The assignment of PCM material properties as scaled values of the corresponding local ECM parameters was a modelling design choice. It has been well established through measurement with atomic force microscopy that the PCM is mechanically softer than the local ECM,12,62 and that this relative difference in elastic modulus has strain modulation effects on the cell.9 However, the proportionality of the PCM properties to the surrounding ECM may have strong influence on such mechanical modulation. While the intent of this study was to assess the geometric consequences of the PCM, additional investigation of assumed scaling factors of the PCM to the ECM would also be of value.

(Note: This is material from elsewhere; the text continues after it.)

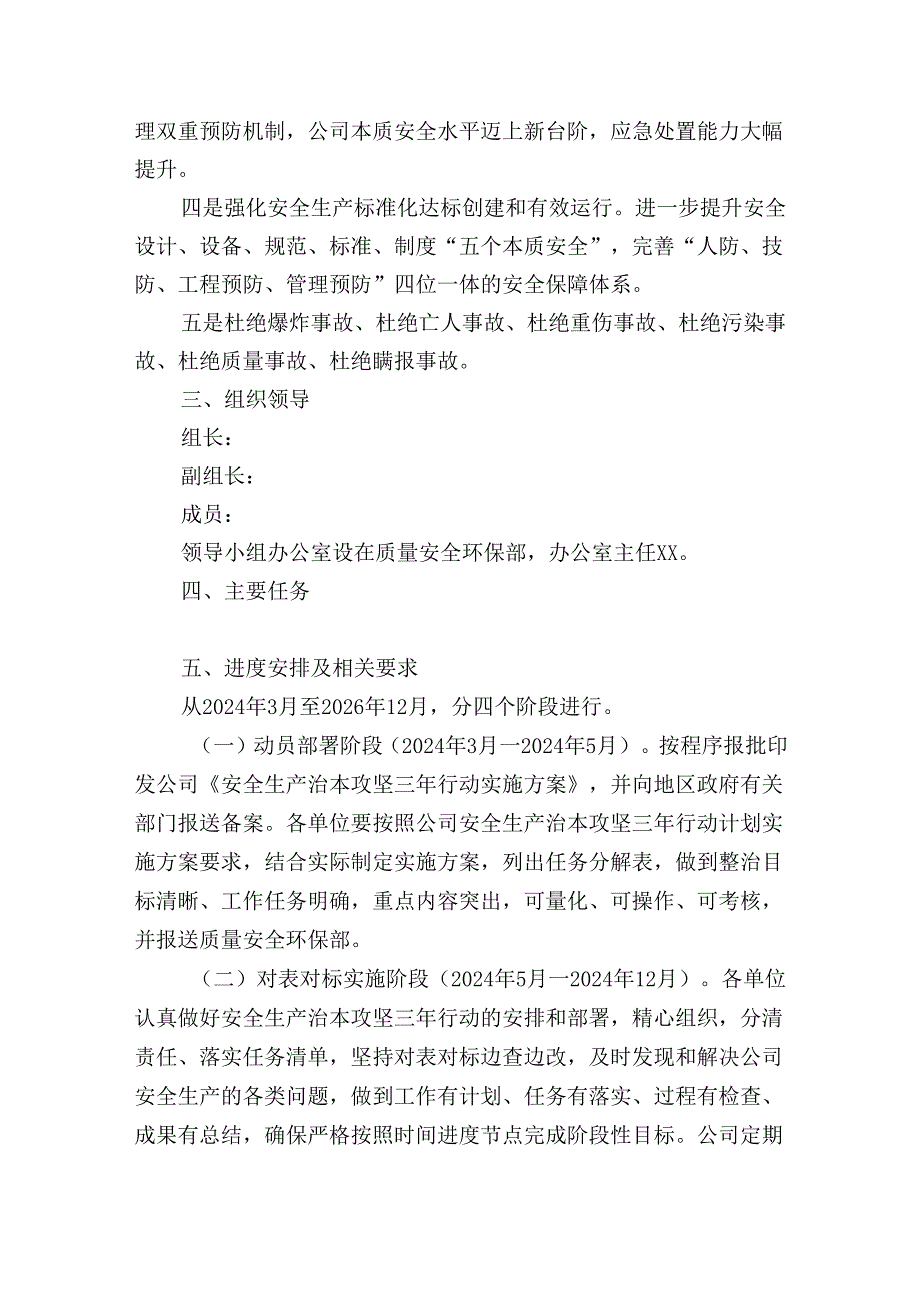 公司安全生产治本攻坚三年行动实施方案.docx_第2页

Characterization in pathological tissue and quantification of local mechanics using non-destructive photobleaching of a grid to aid deformable image registration at different stages of progression would also be of interest. Likewise, once better understood, the addition of a PCM asymmetry metric in histological analysis and grading may be of merit. The deformation behaviour of the PCM may also be evaluated using a optico-mechanical testing system and deformable image registration.38 In the realm of tissue engineering, encouraging appropriate PCM asymmetry may be a currently unexplored but useful strategy for producing a yet-to-be-realized functional AC substitute.

Conclusion

While additional investigation of PCM asymmetry beyond this initial work is certainly warranted, the current findings hold substantial weight. The asymmetry in PCM thickness between top and bottom regions was of considerable magnitude (54%), established from a large sample (355 chondrons), and of high statistical confidence (\(p < 0.001\)). The membrane mechanics calculated with the modelling and simulation protocol were likewise persuasive, with the strain magnitudes approximately halved in the models with observation-based asymmetrical geometry versus those with a symmetrical PCM. This strong geometric effect along with the discussed biophysics-based dangers to lipid membrane integrity and FA attachments further reinforce the potential for PCM asymmetry having a cellular protective role. In light of these experimental and simulated observations, it is concluded that PCM asymmetry may very likely play a critical role in chondrocyte and tissue health and merit further investigation and scrutiny.